Carole Lombard's Barbecue Spareribs
Lombard in a late 1930s publicity shot. Denise Tidwell Collection.
Here is a dish that I am sure everyone will like, and it doesn't require any course in cooking to prepare, if you follow the directions. Hot, it is swell, and when coldówell, you'll just want to make enough to have a nibble, later.
3 to 5 lbs. spareribs
1/2 c. soy sauce
3/4 c. honey
2 tsp. prepared mustard
1 clove garlic
1/4 c. water
2 Tbs. flour
Combine one-half cup soy sauce, three-fourths cup honey, two teaspoons prepared mustard and one clove of finely chopped garlic. Mix well together. Place three to five pounds of spareribs in a roasting pan, pour the sauce over the ribs, cover and place in oven. Bake at three hundred degrees for two hours or more.
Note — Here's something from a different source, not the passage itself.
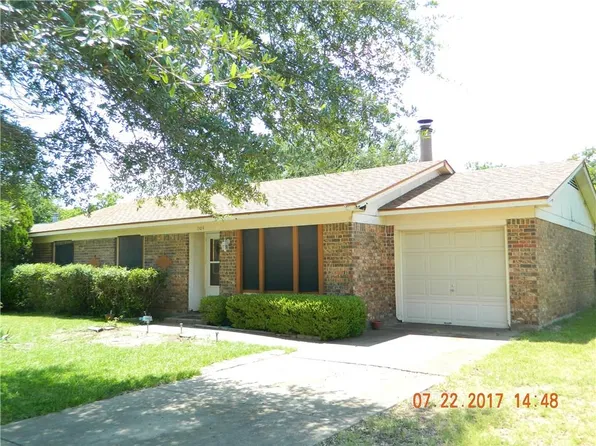 1104 John Reagan St, Benbrook, TX 76126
Remove ribs from the pan (be sure to stir occasionally while cooking to make sure all the ribs are covered with the sauce). Drain off all the fat, with the exception of about two tablespoons. Add one-fourth cup of water to the remaining liquid and cook on top of the stove until well-blended, then add two tablespoons of flour mixed with a little water and cook until the sauce is thickened. Replace the spareribs in the pan with the gravy, and stir. Return to oven to keep hot until serving time.
From What actors eat--when they eat, by Rex Lease, Los Angeles, House Publishers, 1939.